Not sure I was able to indulge you to the fullest extent possible, but I will say I agree with you and Tanier, above: more people are writing about media day than are writing about what was actually said there.
I’m not saying I don’t understand the concept of a media day. What I don’t fully understand is why fans and bloggers (defined to encompass secondary, non-reporter observers) love SEC Media Days but loathe the Super Bowl variety.
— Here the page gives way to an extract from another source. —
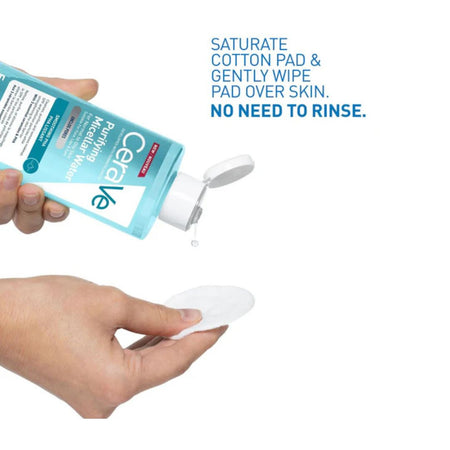 A hand holds a bottle of Cerave Purifying Micellar Water while tilting it to pour liquid onto a white cotton pad held by another hand. Blue text on the right reads, 'SATURATE COTTON PAD & GENTLY WIPE PAD OVER SKIN.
Maybe it’s the timing of the two events. The SB one happens a few days before the biggest game of the year, when goal #1 for players and coaches is to avoid distractions, avoid creating a stir. (Recall the story of Mr. Robinson in the previous post here.) In addition, we’ve already watched these teams all season long. We know the storylines. Nothing new typically happens the week of the game. (I will say, though, that some interesting things did come out around media day this year, including SI’s well-timed story about Ray Lewis and deer-antler-velvet-extract PEDs.)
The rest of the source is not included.